Generative adversarial networks as a medium for sharing patient data

20.05.2022

This thesis work by Dorin Doncenco was part of PRIVASA project, a Business Finland co-innovation consortium. The goal of the project is to develop privacy-preserving artificial intelligence tools for health data in order to safely share medical images between the healthcare institutions or third party users whose focus is to develop commercial products or development innovations activities based on health data. In this thesis, a deep neural network is developed to create fully synthetic brain magnetic resonance images (MRI) from over 300 cancer patients.

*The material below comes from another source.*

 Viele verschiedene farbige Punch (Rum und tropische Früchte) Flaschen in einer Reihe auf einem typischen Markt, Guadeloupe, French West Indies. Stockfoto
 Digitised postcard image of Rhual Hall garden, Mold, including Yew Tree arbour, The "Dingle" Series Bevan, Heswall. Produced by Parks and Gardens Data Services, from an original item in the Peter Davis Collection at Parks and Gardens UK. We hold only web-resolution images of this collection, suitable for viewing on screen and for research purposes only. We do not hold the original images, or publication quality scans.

Neural networks have reached the level where they can detect diseases from medical images. However, training these networks requires datasets which contain a lot of labelled data by clinical experts. It is difficult to acquire high quantities of labelled data, and there is also the problem of ensuring the privacy of patient data, which the laws try to regulate. As such, various modelling methods are being investigated to allow healthcare institutions to cooperate and share data safely. An alternative approach is generative adversarial networks (GANs).

A GAN consists of two agents trying to compete against each other: a generator and a discriminator. The discriminator wants to be able to distinguish between real and synthetic images, while the generator attempts to create data that convinces the discriminator is real. As the two agents learn from each other, they gradually become better, and eventually the generator will be able to generate quality data that is indistinguishable from the real one to the discriminator.

The GAN implemented in this thesis creates patients who have data that does not belong to any other patient in the dataset. This is done by merging the brain MRI information, in our case cancerous tumors, from one patient to the brain shape of another patient, creating a completely inexistent subject. The network was trained on the Brain Tumor Segmentation (BraTS) Challenge 2020 training dataset.

Thanks to the mentioned concept, the GAN creates subjects whose personal data are not related to any existing patients, thus preserving the privacy of the real patients. This would allow hospitals to artificially increase the size of their labelled datasets to improve their algorithms, and allow them to share their synthetic data with other hospitals for research purposes.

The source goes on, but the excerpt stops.